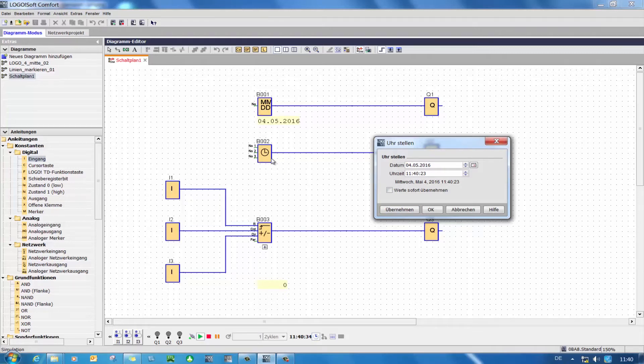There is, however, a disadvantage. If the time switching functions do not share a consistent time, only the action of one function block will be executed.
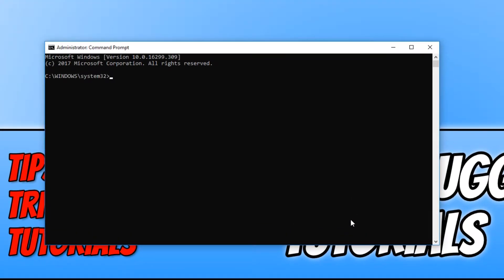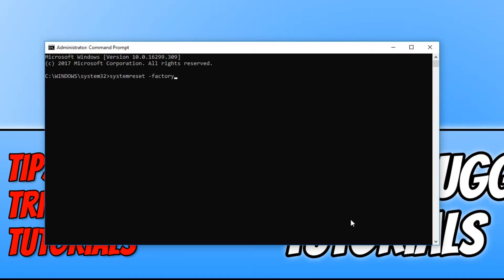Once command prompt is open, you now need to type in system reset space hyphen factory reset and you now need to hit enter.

...

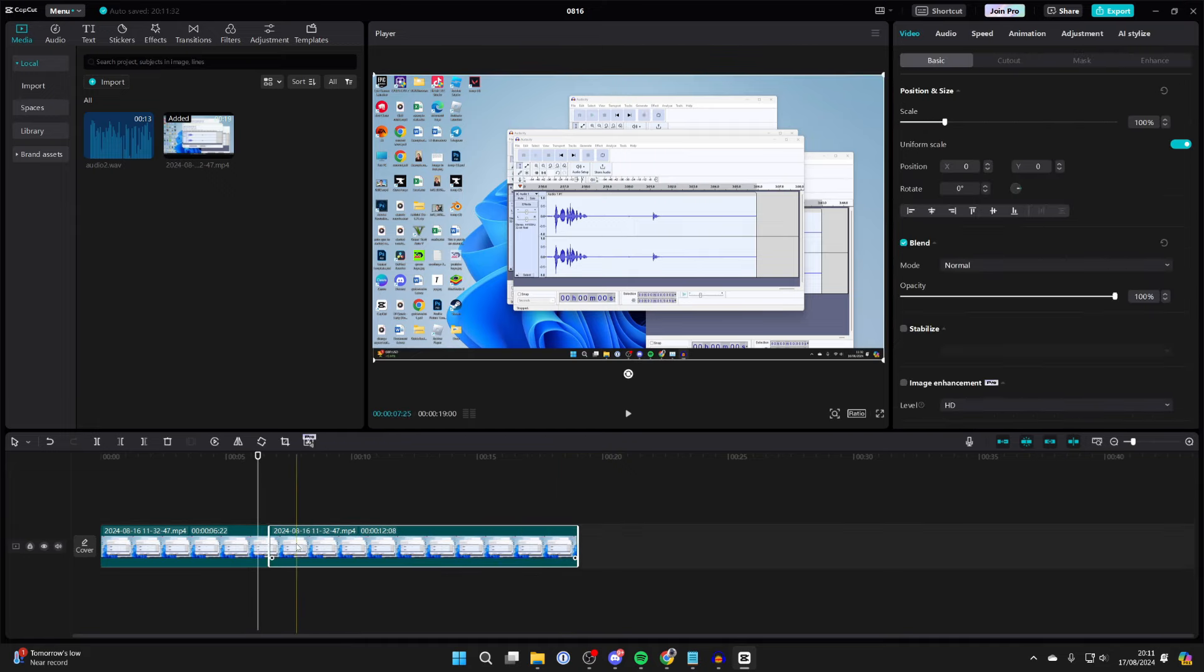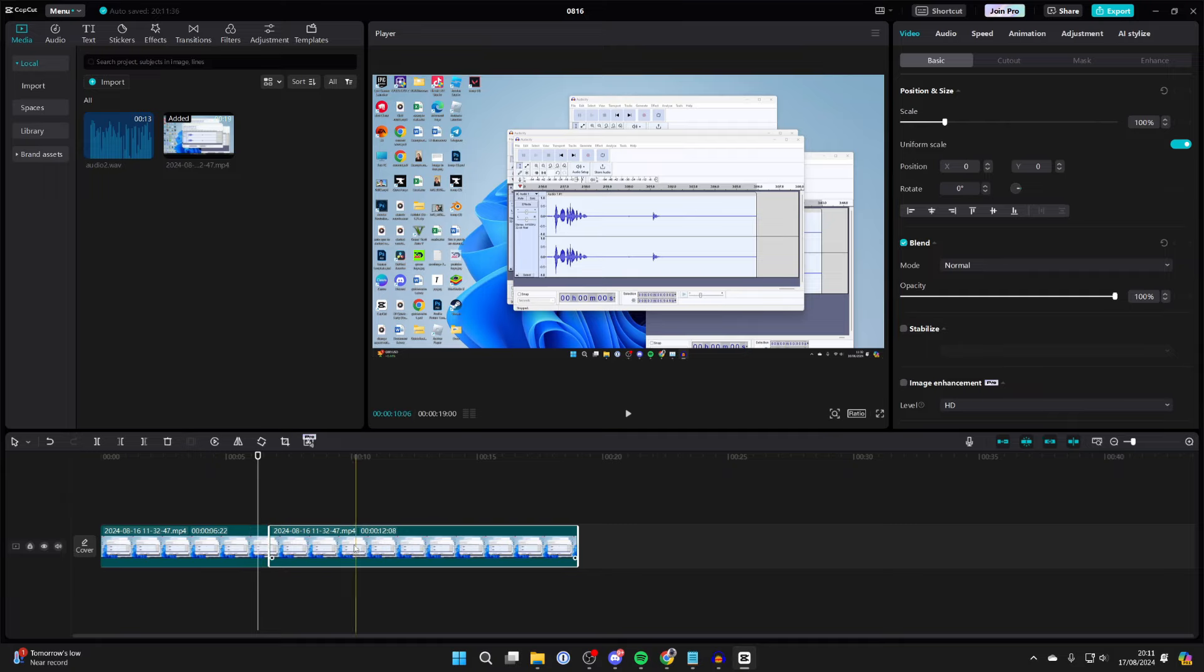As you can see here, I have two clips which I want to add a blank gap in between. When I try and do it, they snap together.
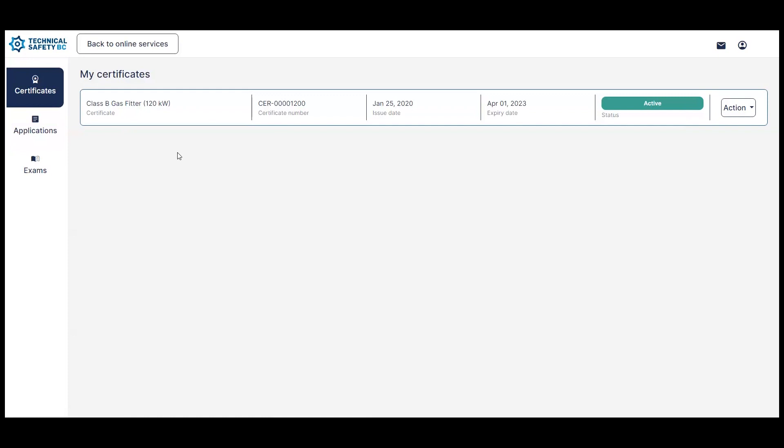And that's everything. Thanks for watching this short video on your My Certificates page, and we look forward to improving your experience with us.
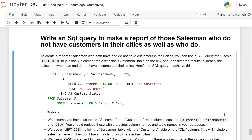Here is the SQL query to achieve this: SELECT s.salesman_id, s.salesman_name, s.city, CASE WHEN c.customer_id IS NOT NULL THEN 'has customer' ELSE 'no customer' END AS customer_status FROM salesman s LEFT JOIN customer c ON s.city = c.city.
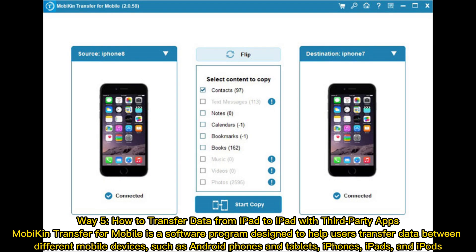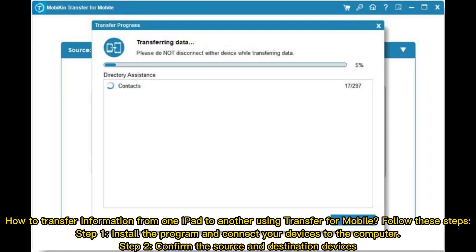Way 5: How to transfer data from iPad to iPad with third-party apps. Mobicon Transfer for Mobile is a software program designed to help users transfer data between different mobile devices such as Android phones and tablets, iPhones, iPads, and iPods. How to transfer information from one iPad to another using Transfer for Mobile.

--

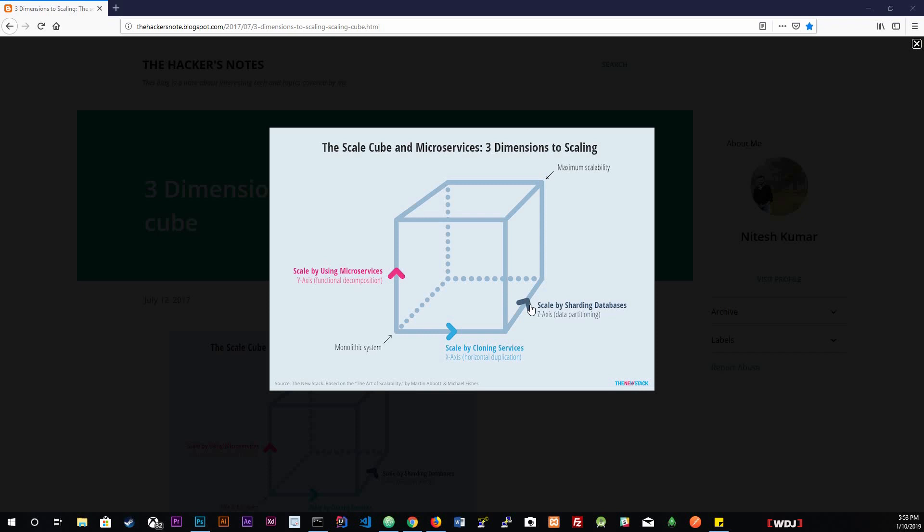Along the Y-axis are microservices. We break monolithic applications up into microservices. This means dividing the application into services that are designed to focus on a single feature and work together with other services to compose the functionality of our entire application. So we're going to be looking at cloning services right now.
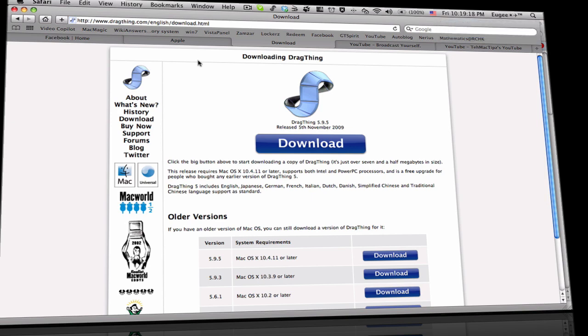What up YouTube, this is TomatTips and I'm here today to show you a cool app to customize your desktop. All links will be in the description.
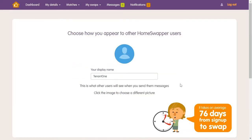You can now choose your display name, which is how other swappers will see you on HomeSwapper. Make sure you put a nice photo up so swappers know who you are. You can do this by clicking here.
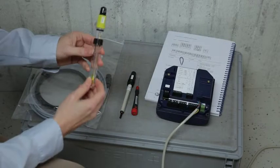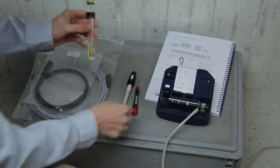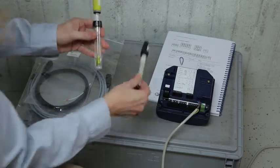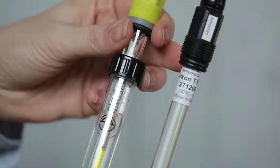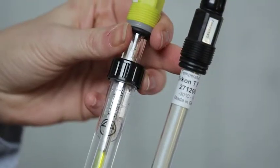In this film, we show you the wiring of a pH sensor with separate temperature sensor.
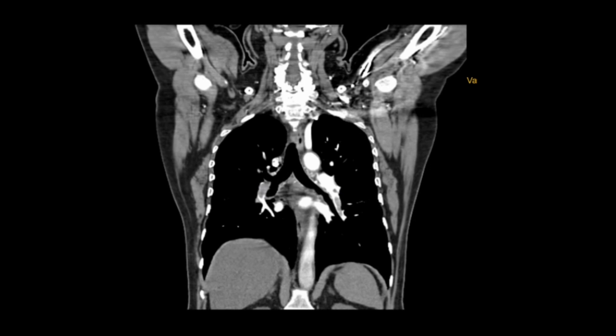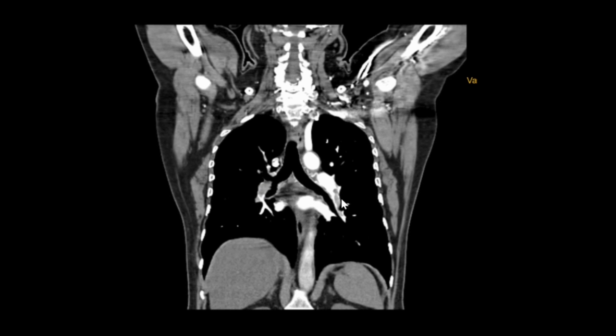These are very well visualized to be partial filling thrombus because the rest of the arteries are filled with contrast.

▶ **Problem**
From the material above, reproduce only what runs from the line holding "There is, however, a" down to the line holding "Once command prompt", both included, pictures excluded.

▶ **Answer for the task**
There is, however, a disadvantage. If the time switching functions do not share a consistent time, only the action of one function block will be executed.
Once command prompt is open, you now need to type in system reset space hyphen factory reset and you now need to hit enter.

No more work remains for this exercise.